Data records:
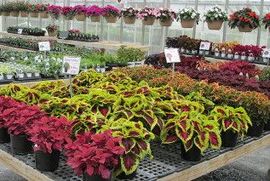 colored coleus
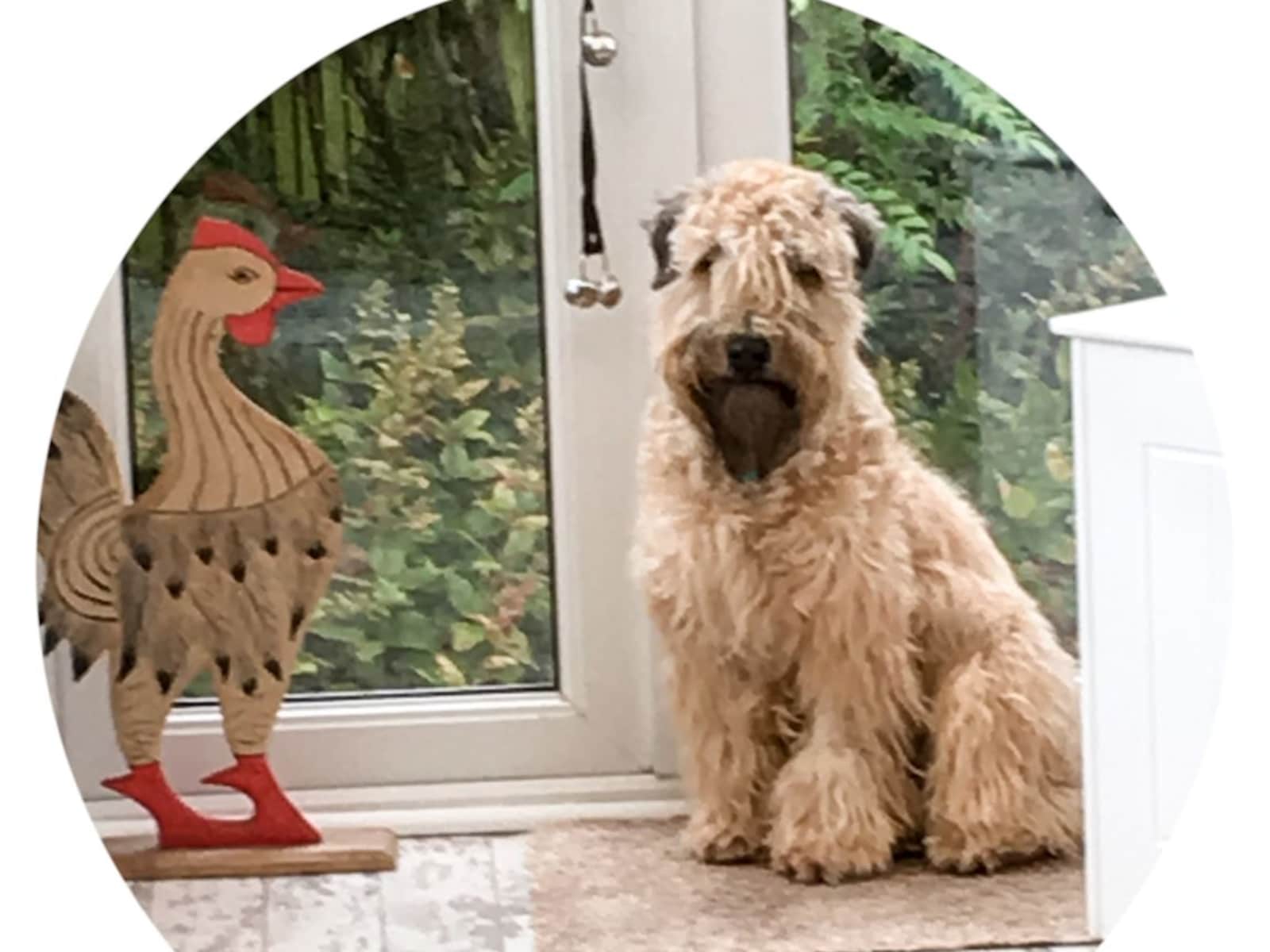 Housesitting assignment in Shoreham-by-Sea, United Kingdom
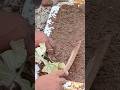 #trendingshorts #funny 🤣🤣 video 🤣🤣#shortsfeed #comedy #nature #plants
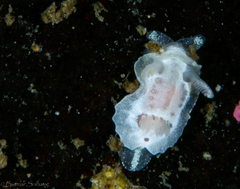 Goniodoris nodosa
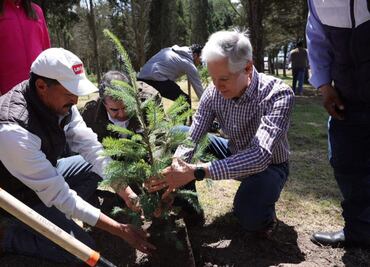 Masa forestal del Edomex aumenta más de 15 mil hectáreas: Alfredo Del Mazo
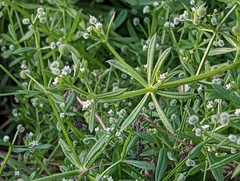 Galium aparine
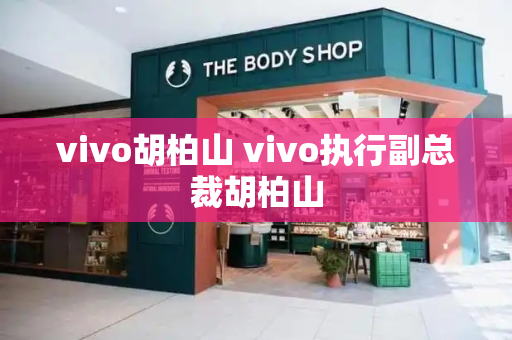 vivo胡柏山 vivo执行副总裁胡柏山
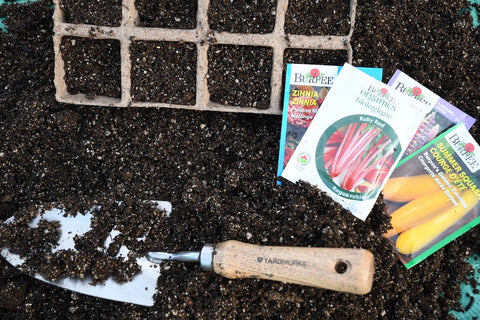 soil with seed packets and tools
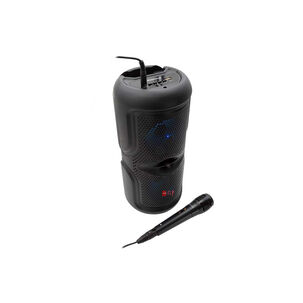 Parlante Karaoke Bluetooth Philco Con Micrófono 764bk - Ps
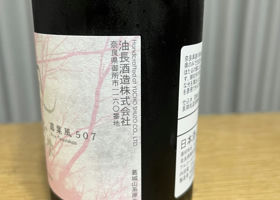 alt 3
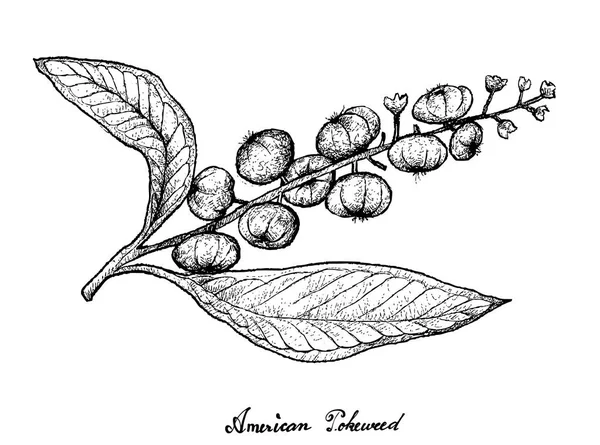 Dibujado a mano de American Pokeweed sobre fondo blanco — Vector de stock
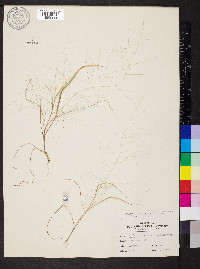 Eragrostis capillaris image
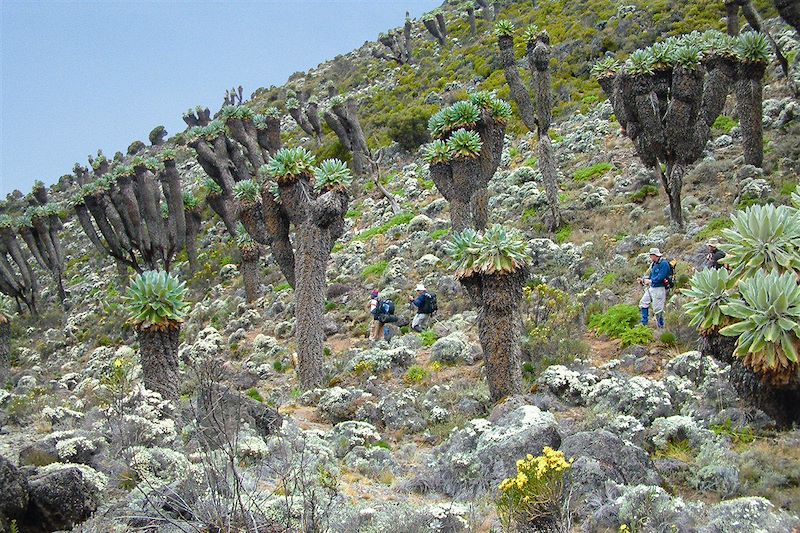Montagnes de la Lune - Chaîne du Ruwenzori (Rwenzori) - Ouganda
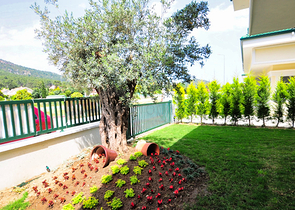 Вилла планировки 3+1 в районе Кемер - Анталия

*Exercise directions*.
This exercise needs every entry retyped exactly, with the pictures removed.

*Task result*.
 colored coleus
 Housesitting assignment in Shoreham-by-Sea, United Kingdom
 #trendingshorts #funny 🤣🤣 video 🤣🤣#shortsfeed #comedy #nature #plants
 Goniodoris nodosa
 Masa forestal del Edomex aumenta más de 15 mil hectáreas: Alfredo Del Mazo
 Galium aparine
 vivo胡柏山 vivo执行副总裁胡柏山
 soil with seed packets and tools
 Parlante Karaoke Bluetooth Philco Con Micrófono 764bk - Ps
 alt 3
 Dibujado a mano de American Pokeweed sobre fondo blanco — Vector de stock
 Eragrostis capillaris image
Montagnes de la Lune - Chaîne du Ruwenzori (Rwenzori) - Ouganda
 Вилла планировки 3+1 в районе Кемер - Анталия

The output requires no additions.